Nel allora Tirolo venivano ingaggiati dei boia con attestato scritto. Essi dovevano aver dimostrato destrezza e precisione durante le impiccagioni e decapitazioni. Quando del 1562 Hans Schwingsmesser si presento per ottenere il posto di boia presso la città di Merano, dovette documentare dove avesse imparato “l’arte”, ed esser in possesso, dell attestato ufficiale. Egli doveva anche essere in grado di staccare la testa dal corpo con un colpo netto di spada, spezzare le ossa in modo uniforme utilizzando “la ruota della tortura” oppure impiccare un delinquente causandone la rottura della vertebra cervicale in modo che la morte fosse immediata. Per questo motivo il boia doveva essere di costituzione forte e robusta in modo da poter eseguire senza affanno tutte le disumane condanne a morte. Un esempio documentato in quel tempo (1644), fu la condanna, da parte del tribunale di Merano nei confronti dello “zingaro” Georg Graf. Il tribunale dispose che il condannato venisse pizzicato tre volte con pinze incandescenti, che le braccia e gli arti inferiori venissero tesi fino a rottura mediante “ruota della tortura”, che gli venisse tagliata la mano destra e che dopo queste terribili torture gli venisse messo al collo un sacchetto di polvere da sparo e quindi accesa e fatta esplodere incendiando il corpo fino a farne cenere. “L’arte del boia” si tramandava di padre in figlio per questo tutti gli strumenti di tortura rimanevano in “famiglia”. Era usuale che fosse proprio il padre ad insegnare il mestiere al proprio figlio. Melchior Frey subentro nel 1563 direttamente a suo padre Johann Frey detto “Haller Henker”. Nel 1592 fu emblematica e un po curiosa la storia di Hans Fürst, che ricevette l’incarico di boia di Merano nonostante fosse ancora minorenne. Egli pero era stato molto bene istruito dal proprio padre, il boia di Hall, Michael Fürst.

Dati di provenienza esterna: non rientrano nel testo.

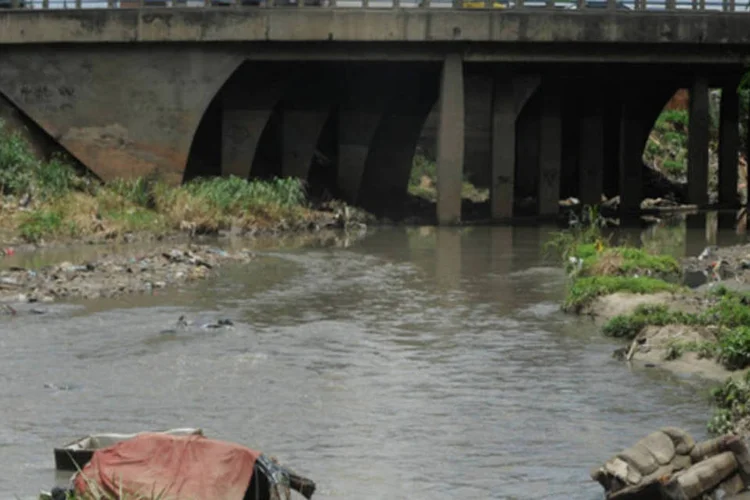 Rio Acari, na zona norte do Rio de Janeiro, umas das áreas que foram atingidas pelas chuvas dos últimos dias (Tânia Rêgo / Agência Brasil)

Le attività del boia comprendevano:
tortura, fustigazione, marchiature a fuoco, amputazione di ogni genere, ghigliottina, impiccagione, annegamenti, impalcature, bruciature, spezzettare arti e sepoltura di suicidati.

La spada del Boia

Due tipi di spada venivano usate dal boia di Hall e Merano al momento delle esecuzioni. Una di queste viene custodita presso il museo del Tirolo – Ferdinadeum ad Innsbruck. Il boia doveva avere in dotazione una spada per le esecuzioni che essendo proprietà privata si tramandava di padre in figlio. La seconda spada nel Tirolo dell’epoca venne forgiata nel 1733 ed era di proprietà della famiglia Putzer. L’oggetto e esposto oggi presso Castel Scena nei pressi di Merano. La spada ha una lunghezza totale di 110 cm, 88 cm di questi sono lama e 22 cm impugnatura. La linea di scolo e lunga 21 cm ed ha un larghezza di 2,5 cm. La lama a doppio taglio e l’affilatura si affievolisce scendendo verso la parte centrale dell’arma. L’impagliatura era di ferro ed arrotolata da una cordicella di canapa per garantire una presa precisa e anche un bilanciamento perfetto. Alla fine della linea di scolo vi erano impresse la figura della “Justitia”, donna con occhi bendati che teneva nella mano destra una spada e nella sinistra una bilancia. Incise nella linea di scolo si leggono le seguenti frasi:

„quando alzare la spada devo, lascio al povero peccatore la parola di dio e la vita eterna”
„se al povero peccatore negata vien la vita allora sotto la mia mano ferma muore” (1733)

Quando una spada aveva eseguito 100 esecuzioni aveva versato abbastanza sangue, ed una superstizione imponeva al boia di sotterrare l arma con onore e con un brindisi.